Original Article Link – Article By: Michele DeLuca
I love short films.
Good or bad, they don’t take a lot of time but still manage to showcase the colorful crevices of someone’s imagination. The best short films drag you in to their plot, make you feel an emotion of some sort, — like horror, laughter, compassion or wonder — and then quickly close the story-telling window and send you on your way.
Because of my appreciation for celluloid short stories, I particularly enjoy the Niagara Falls International Film Festival which opened Wednesday night with a red carpet and lots of fanfare.
While there have been many wonderful feature films and documentaries being shown throughout the course of the four-day festival at the Regal Niagara Falls — which ends tonight with a big celebration — there are also blocks of short films being screened. On Friday, I spent an hour-and-a-half watching six. Having done this before, I know that in such blocks there are bound to be clunkers. but I saw six wonderful short films on Friday. No clunkers.
Afterward, to my surprise and delight, there was a discussion with three of the filmmakers, led by the festival’s public relations director, John Wildman, a filmmaker himself who also does PR for many other prestigious film festivals.
As someone who hopes to one day make short films, this discussion was an unexpected treat for me. The three filmmakers included two actors who made short films to showcase their skills, and a director who hopes to sell a series from her short film “Airport Run,” starring Brandon Michael Hall, who most recently starred in the TV series “God Friended Me.”
Each filmmaker shared background details. Like the challenges of shooting in New York city traffic for the writer/director of “Airport Run,” Eliana Ujueta, whose short film was about limousine drivers who rob the homes of passengers they’ve driven to the airport, and which showcases the charming Hall.
The actress/writer/producer who created “Tree Game,” which I also viewed, said she had produced the film to showcase her acting skills, kind of like a movie resume. Her film involves a brother and sister reuniting after a terrible tragedy that he took the blame for and highlights a game the siblings used to play prior to their falling out.

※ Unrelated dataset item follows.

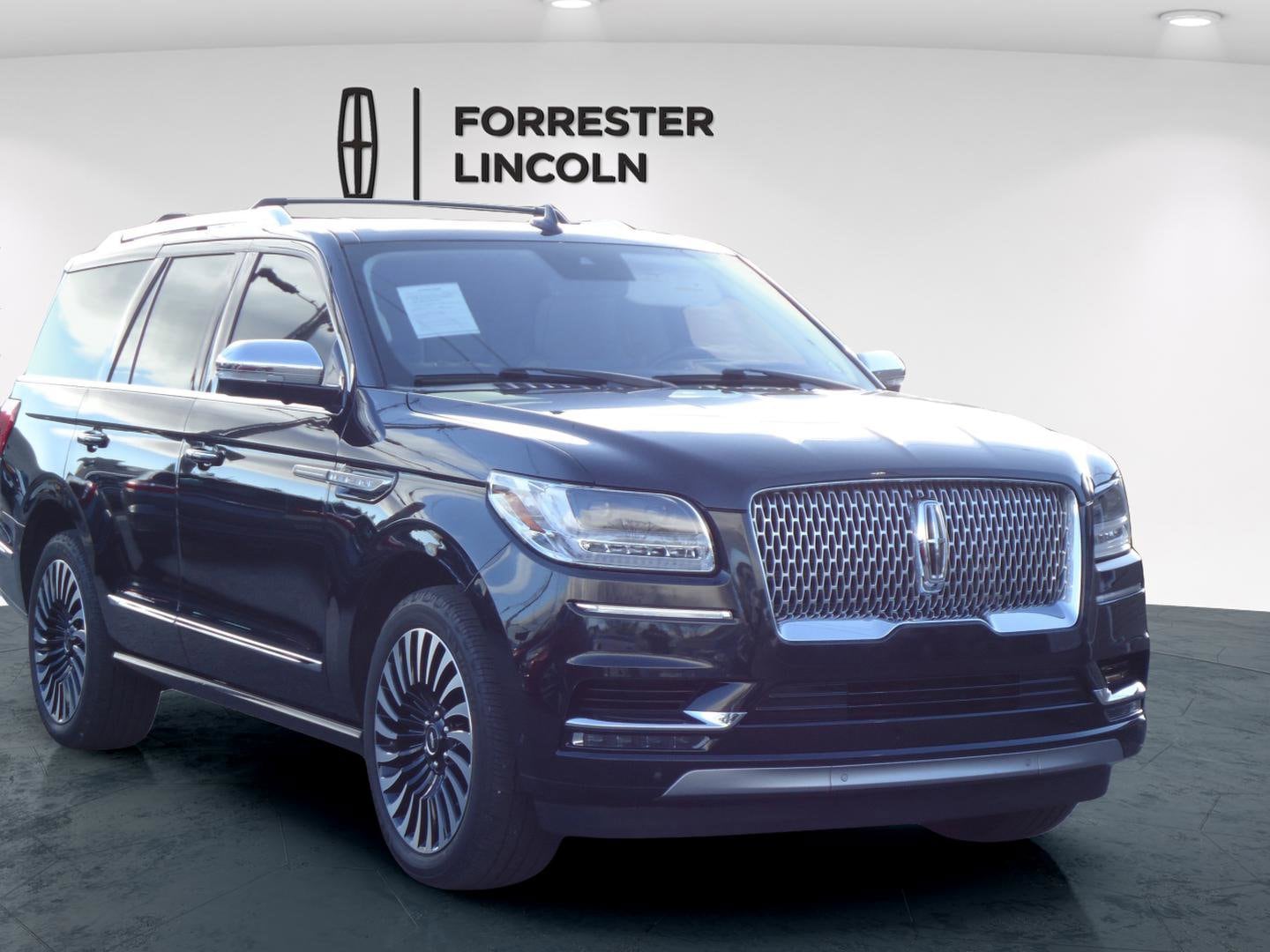 2020 Lincoln Navigator Black Label's photo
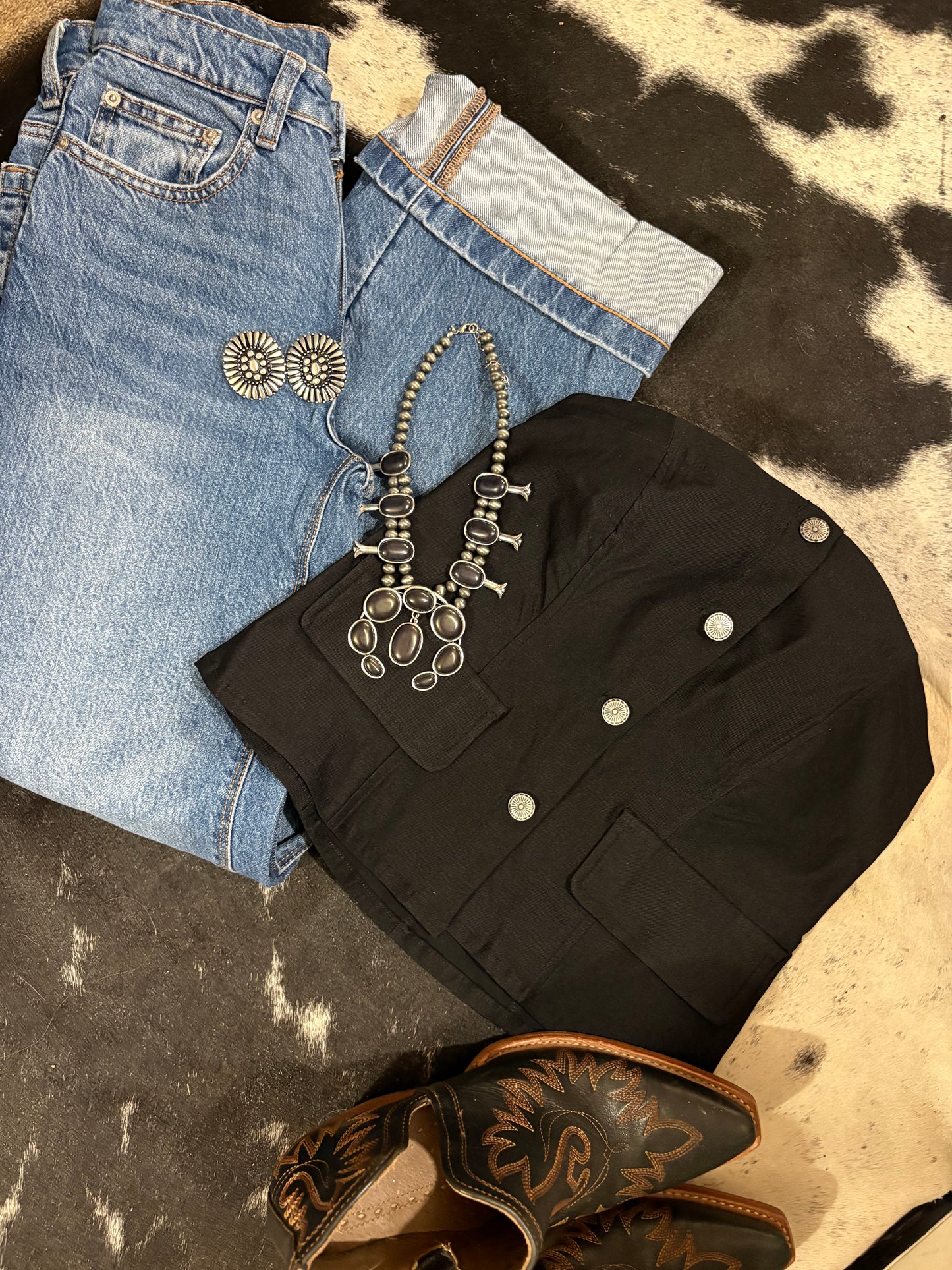 Dolly Concho Strapless Top 🖤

Also in the discussion was Jordan Heron, talking about his film “GPS,” about a man attending the funeral of his mom, whose voice comes through the GPS in his car. It was a funny dark-humored film and I enjoyed hearing Heron talk about his own mother — who he said in real life has never told him she loved him…that he could remember — and the comic relief in creating a film in which the voice of his dead mother says “I love you,” through the GPS.
Other short films I saw in the block included:
“Raw,” a short film about a female soldier and the PTSD which nearly destroys her life when she returns home. This film was so well done with battle scenes and all, and the soldier’s struggle so real, that it brought tears to my eyes.

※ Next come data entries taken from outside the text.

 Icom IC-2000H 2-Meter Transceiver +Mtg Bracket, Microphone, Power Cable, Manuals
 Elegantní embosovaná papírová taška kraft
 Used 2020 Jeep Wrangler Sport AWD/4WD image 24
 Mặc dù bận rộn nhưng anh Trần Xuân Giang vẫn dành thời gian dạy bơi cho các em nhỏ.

“Lemons,” a weird and little bit scary film about a missionary who knocks on the door of a woman who is strangely connected to his past. There are murders involved and somehow, lemons, but the whole film was weirdly fascinating.

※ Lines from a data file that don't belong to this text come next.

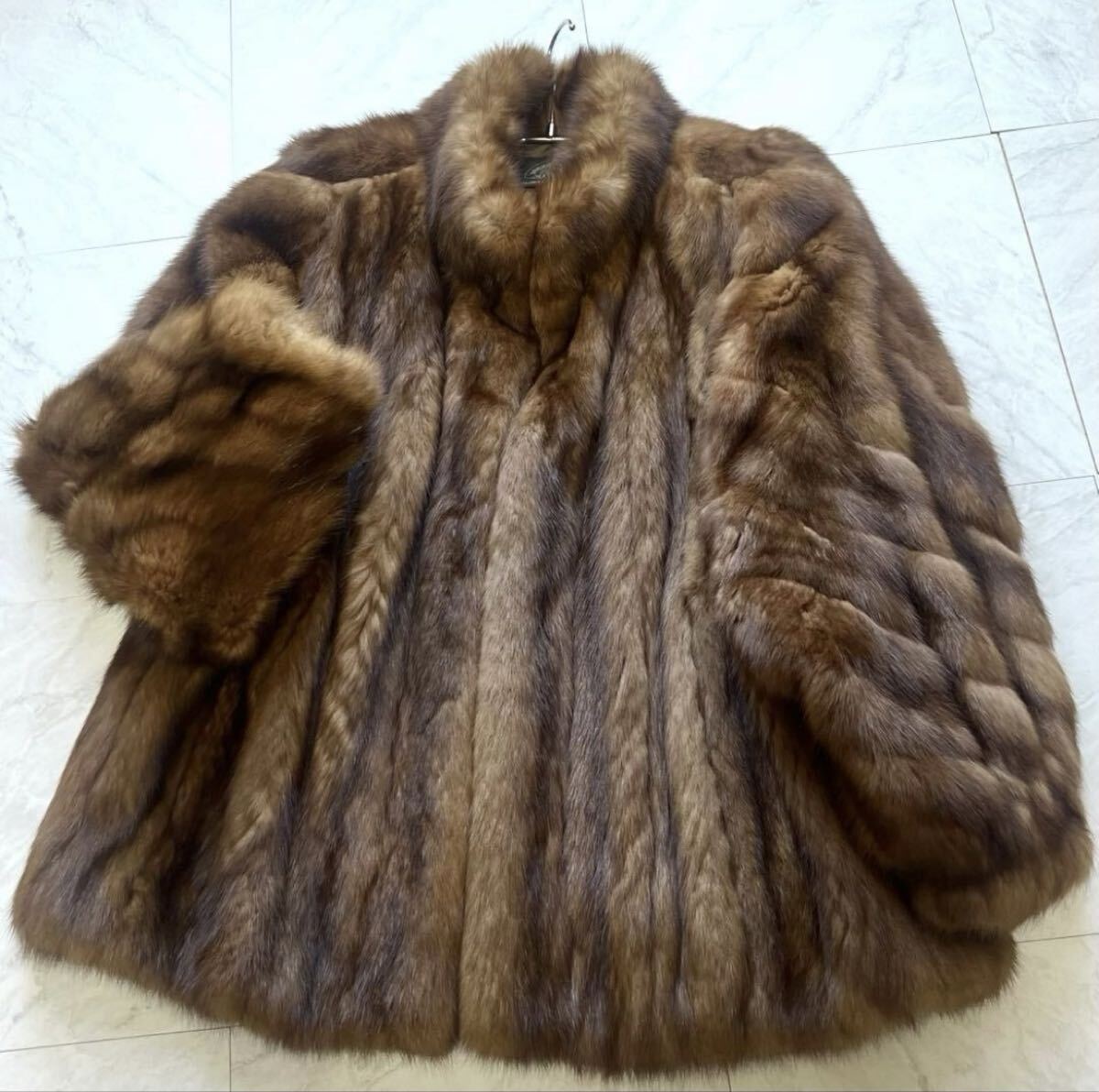 美品 肉厚ボリューム◎ 激レア 最高級 SOBOL ソボル ロシアンセーブル 袖太 色み◎ ふわふわ◎ リアルファーコート 毛皮 艶々 ショート丈 L拍卖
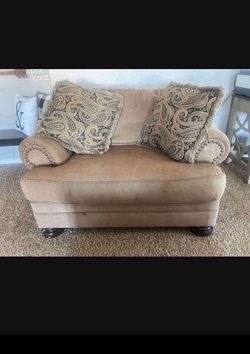 Loveseat $100
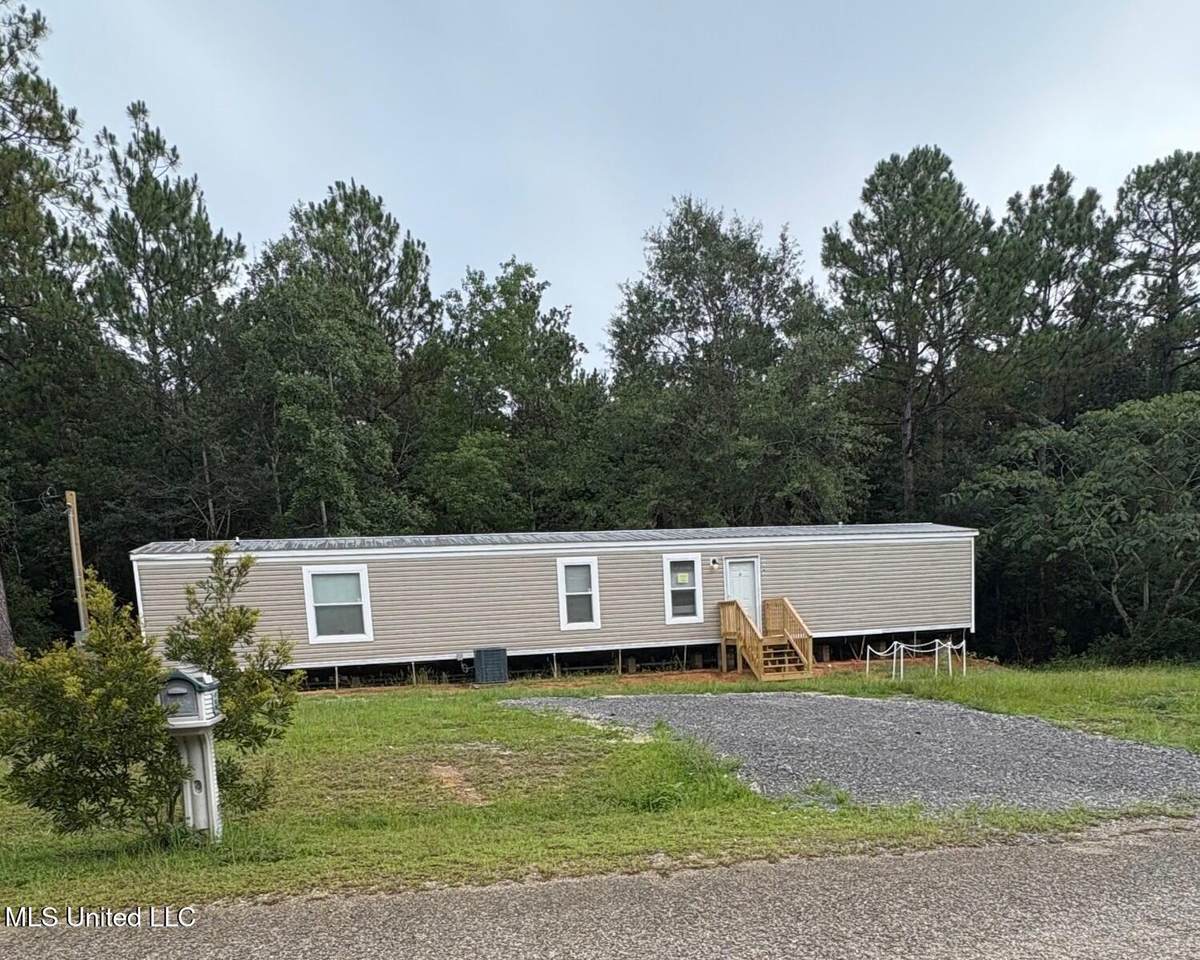 11034 Sleepy Hollow - Photo 1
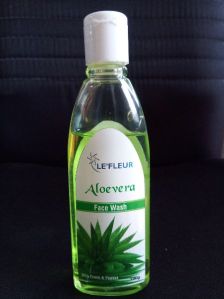 Le'Fleur Aloevera Face Wash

“La Ricetta della Mama,” or “Mama’s Recipe,” from Italy with subtitles, another dark comedy based on a short story by a prominent Italian author, about a hitman who kidnaps a man so he can use the man’s apartment to kill a snitch, but whose success rate is challenged by an unexpected dish sent by the man’s mother.
Today at the film festival, there lots more to see and do. Closing night festivities will culminate with a tribute to Samuel Fuller, a legendary director and writer and a red-carpet gala, all open to the public.
There will also be a blood drive in honor of film festival founder Bill Cowell’s daughter, Alyssa Justine Cowell, who died unexpectedly one year ago, just prior to the start of the first Niagara Falls International Film Festival. Those who give blood at the Regal Niagara Falls, will receive a free ticket to a film festival movie showing. Proceeds of the evening will go to the Alyssa Justine Cowell Youth Foundation.
Festivities begin with a 2 p.m. screening of the animated, family-friendly “Sgt. Stubby: An American Hero,” about a dog who was the official mascot of the 102nd Infantry in World War I.
At 4:45 p.m., there will be a showing of Samuel Fuller’s “The Big Red One,” as part of the celebration of Fuller’s work, with special guests Christa and Samantha Fuller, Michael Schlesinger, Perry Lang, Kelly Ward, Bobby DiCicco, and Robert Carradine.
At 7:30 p.m., the closing night red carpet gala and awards presentation will culminate with the “Icon of the Industry” award, a posthumous tribute to Fuller and family, followed by a Samuel Fuller highlight video, filmmaker awards and presentation of the “Humanitarian Award” to recent Congressional Medal of Honor recipient and WNY hero, David Bellavia, for his actions in the battle of Fallujah.
At 9 p.m. there will be a gala closing night party at the Comfort Suites adjacent to the Regal Niagara Falls cinema and Home Depot plaza.
There are tickets available to all of the above events. So, I’m going to suggest that those who enjoy watching movies might consider spending some time with those who make them.